RICARDO BONALUME NETO
especial para JBr
OK, são dez livros que não têm nem dragão, nem anão, nem gigante. A série Crônicas Saxônicas do escritor britânico Bernard Cornwell é feita para adultos, não para os adolescentes imaturos (admito, todos são) ou adultos infantilizados (boa parte da população mundial) que assistem à série de TV Game of Thrones.
As Crônicas têm o mesmo pano de fundo básico: sexo e violência, especialmente esta última. Mas tem algo que aquela série pastiche não tem: história. Seriedade.
“Antes que ele pudesse se recuperar, bati em seu rosto com o pomo da empunhadura. Acertei a borda do elmo, mas com força suficiente para fazê-lo cambalear. O sujeito ainda estava tentando recuperar a postura para me enfrentar quando enfiei a espada de Renwald nas suas tripas. A lâmina estava cega, mas mesmo assim a ponta perfurou a cota de malha, rasgou o gibão de couro que ele usava por baixo e penetrou em sua bexiga.”

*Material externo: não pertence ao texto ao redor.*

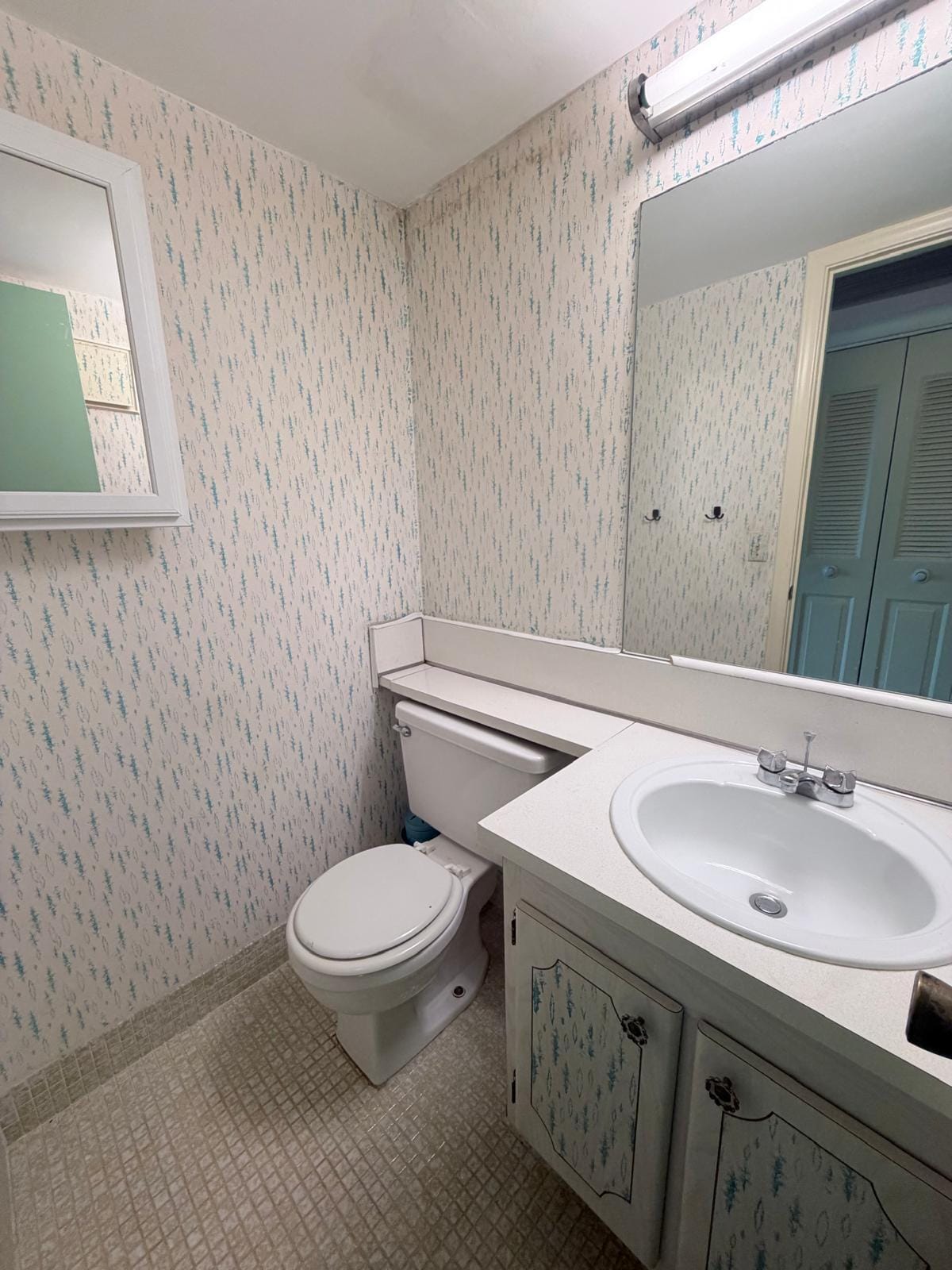 3031 Ashby D — photo 11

É assim que Cornwell descreve combates. Isso ele tem em comum com a série dos dragões, anões e gigantes.
Repare nos uniformes, repare nas armas, nas táticas. Game of Thrones é uma bobagem empilhada em cima de besteiras e de alguns poucos dados factuais. Dá ânsias em adultos. Os livros de Cornwell, sem dúvida o melhor romancista histórico em atividade, têm algo muito melhor: veracidade, uma boa fundação em dados históricos, incluindo raros e caros livros antigos. Para isso existem bibliotecas.
SHARPE
Ele já tinha conseguido isso antes com os livros sobre o soldado britânico Richard Sharpe, que lutou na conquista britânica da Índia e depois nas guerras contra Napoleão. Sharpe também virou série de televisão, infelizmente pouco conhecida fora do Reino Unido. Sharpe era muito bom, assim como o magnífico Uthred, o guerreiro saxão das Crônicas, criado por vikings no século 9 d.C. A saga teve duas temporadas (nos anos de 2015 e 2017) produzidas pela BBC e pela Netflix, com o nome The Last Kingdom.

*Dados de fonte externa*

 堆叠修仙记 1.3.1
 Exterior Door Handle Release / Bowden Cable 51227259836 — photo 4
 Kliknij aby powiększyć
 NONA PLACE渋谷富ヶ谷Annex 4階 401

Game of Thrones literalmente quer dizer Jogo de Tronos. Yes, isso aconteceu no país que ainda não tinha um nome e finalmente virou a Inglaterra. Havia vários reinos saxões, os vikings vieram e construíram os seus. Não faltavam reinos e tronos. O que faltava era unir o país sob um mesmo rei.
Isso começou com Alfredo, o Grande. Um rei carola, obcecado pela religião cristã, mas que era um brilhante estrategista. E, nos livros de Cornwell, ele e seus sucessores obtiveram o melhor guerreiro de todos. Sim, Uhtred de Bebbanburg.
SEM SPOILERS
Ela ainda existe, uma fortaleza no norte inglês, o castelo de Bamburgh (na Nortúmbria). Bebbanburg pertencia à família de Uhtred, mas foi usurpada por um tio traíra, depois sucedido por um primo do guerreiro. Durante nove livros Uhtred sonhou em reconquistar Bebbanburg. No décimo, O Portador do Fogo, ele tenta de novo (no spoilers, please).
O enredo é sensacional. Para tentar conseguir retomar seu lar, ele vai ter que lidar com vários inimigos ao mesmo tempo. Sem dúvida é um dos melhores livros da série. Curiosamente, como diz Cornwell nas notas históricas que acrescenta no final de cada livro, é o que teve menos base na realidade.
Tanto faz. É um livro de um escritor competente feito para leitores adultos. E a série vai continuar. A Inglaterra ainda não está unificada.
O mundo tem mais de sete bilhões de pessoas. Adultos de verdade são, infelizmente, uma minoria.